How have all the factors above been brought together to estimate a fair value?
  • The analysts have a consensus price target of ¥1983.75 for Lion based on their expectations of its future earnings growth, profit margins and other risk factors. However, there is a degree of disagreement amongst analysts, with the most bullish reporting a price target of ¥2220.0, and the most bearish reporting a price target of just ¥1800.0.
  • In order for you to agree with the analyst's consensus, you'd need to believe that by 2028, revenues will be ¥448.2 billion, earnings will come to ¥26.2 billion, and it would be trading on a PE ratio of 23.9x, assuming you use a discount rate of 4.6%.
  • Given the current share price of ¥1750.5, the analyst price target of ¥1983.75 is 11.8% higher.
  • We always encourage you to reach your own conclusions though. So sense check these analyst numbers against your own assumptions and expectations based on your understanding of the business and what you believe is probable.
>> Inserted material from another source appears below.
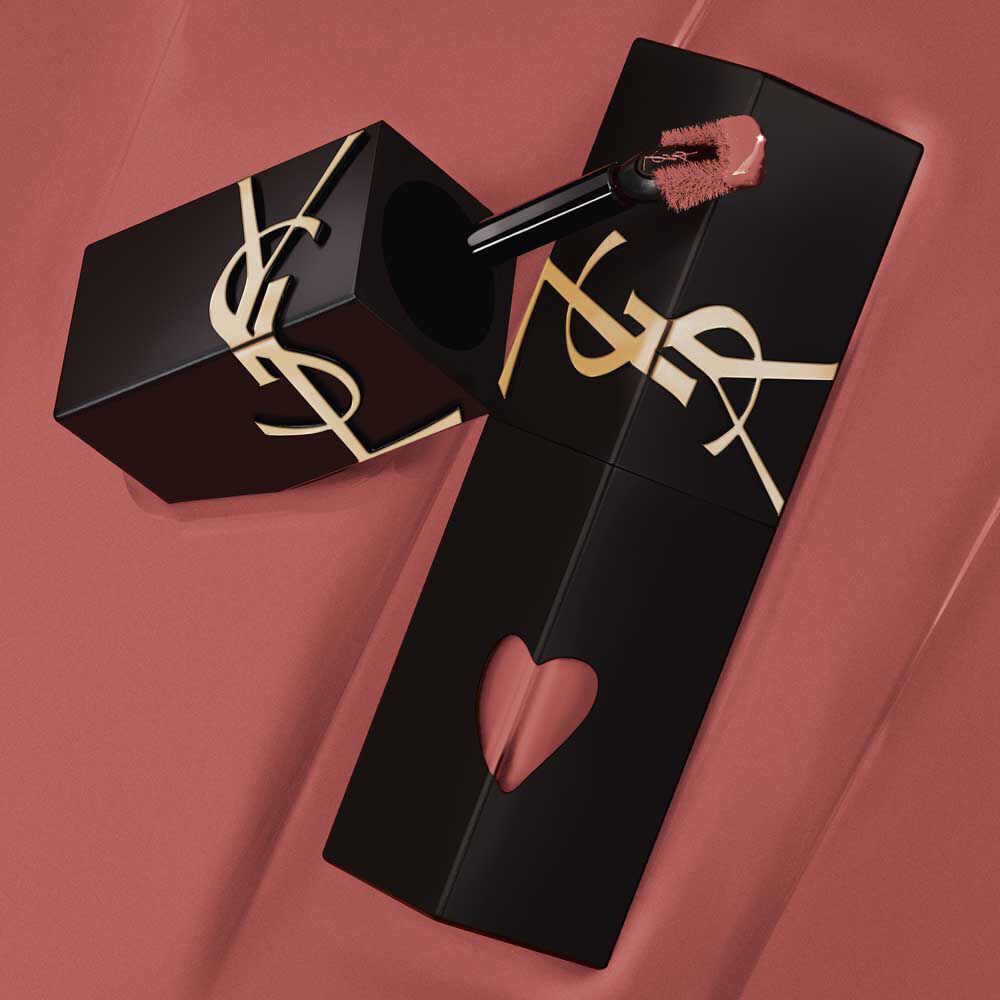 YSL The Inks Blur lip stain tube and applicator placed on a background, highlighting the shade and design.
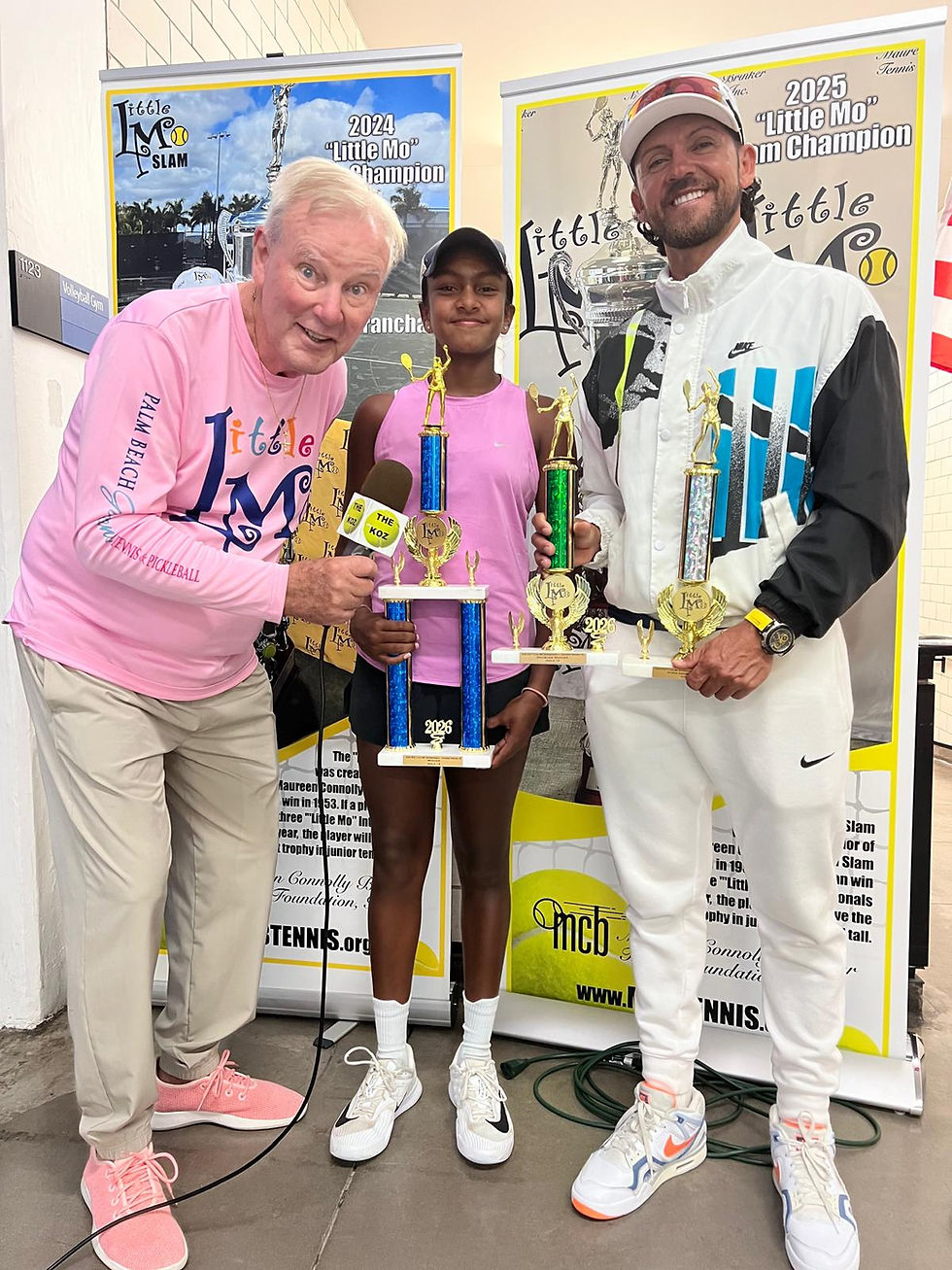 April Thirumalaiyandi and her coach Reynaldo Garcia (right) collect the winning trophies from a league organizer of the Little Mo Tennis Competition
How well do narratives help inform your perspective?

Disclaimer

Warren A.I. is a tool utilizing a Large Language Model (LLM) that ingests data on consensus price targets, forecasted revenue and earnings figures, as well as the transcripts of earnings calls to produce qualitative analysis. The narratives produced by Warren A.I. are general in nature and are based solely on analyst data and publicly-available material published by the respective companies. These scenarios are not indicative of the company's future performance and are exploratory in nature. Simply Wall St has no position in the company(s) mentioned. Simply Wall St may provide the securities issuer or related entities with website advertising services for a fee, on an arm's length basis. These relationships have no impact on the way we conduct our business, the content we host, or how our content is served to users. The price targets and estimates used are consensus data, and do not constitute a recommendation to buy or sell any stock, and they do not take account of your objectives, or your financial situation. Note that Warren A.I.'s analysis may not factor in the latest price-sensitive company announcements or qualitative material.